Cover to issue #4 of Jeff Lemire's Sweet Tooth, available in December from Vertigo.
Vertigo/DC Comics

Vertigo/DC Comics

Cover from issue #2 of Sweet Tooth available from Vertigo/DC Comics

Vertigo/DC Comics

Vertigo/DC Comics

What if a post-pandemic world devolved into a population of human/animal hybrid children being hunted by paranoid humans? That's the question Jeff Lemire proposes to readers in his new spellbinding and offbeat Vertigo series, Sweet Tooth.

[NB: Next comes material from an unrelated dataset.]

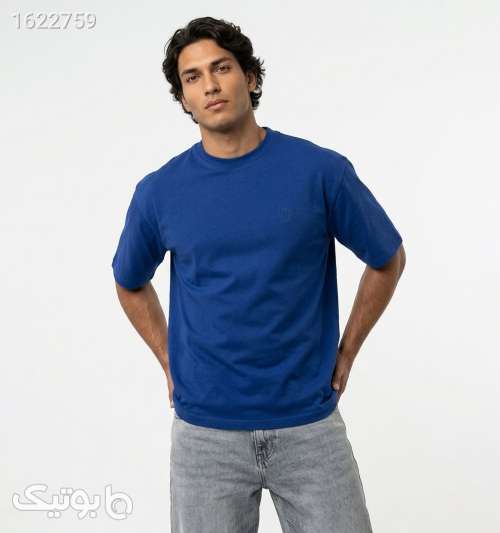 تیشرت یقه گرد مردانه پنبه طرح دار سورمه ای 05 2026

Lemire is the critically acclaimed author/artist of the Essex County graphic novel trilogy, a devastatingly beautiful series of tales that led readers through the intertwined lives of characters in rural Canada. Essex was a story that highlighted the human experience from the magic in a child's imagination to the sorrowful regrets of old men.

So, how did the writer-illustrator go from quiet domestic drama to a story about the survival of human-animal hybrid children during the end of the world? Look no further than Dr. Moreau, Kamandi and Mad Max.

"The idea came when I was working on my recent Vertigo series called The Nobody— a reinterpretation of H.G. Wells' The Invisible Man," Lemire explains. "That involvement with Wells got me thinking about, and subsequently reading again, The Island of Dr. Moreau. I love the idea of these half-human/half-animals running around."

So much so, in fact, that Lemire had actually pitched the idea of doing a reinterpretation of Jack Kirby's Kamandi, the classic series recently redone by Dave Gibbons and Ryan Sook for DC Comics' Wednesday Comics. Like Kamandi, Sweet Tooth also follows the adventures of a lost boy, Gus, through a world devastated by a single, calamitous event. One key difference between the two series, however — Gus is an 11-year-old boy with deer antlers growing from his head.

The story of Sweet Tooth opens with Gus being protected and sealed off from the world by his father in a desolate woodland cabin. If he ventures out in the world, the boy is told, he'll be hunted and killed by men. Due to circumstances beyond his control, he finds himself no longer able to remain hidden away in the woods. A grizzled old brawler named Jepperd promises to keep Gus safe and take him to a place where he will be accepted and protected for the rest of his life. So begins the adventure.

"I'm a huge fan of post-apocalyptic stories —Mad Max and so on. Sweet Tooth is my version of a post-apocalyptic tale. It's a surreal fairy tale for adults. The series tries to solve the mystery of why the few children who are being born after this worldwide pandemic are all human/animal hybrids."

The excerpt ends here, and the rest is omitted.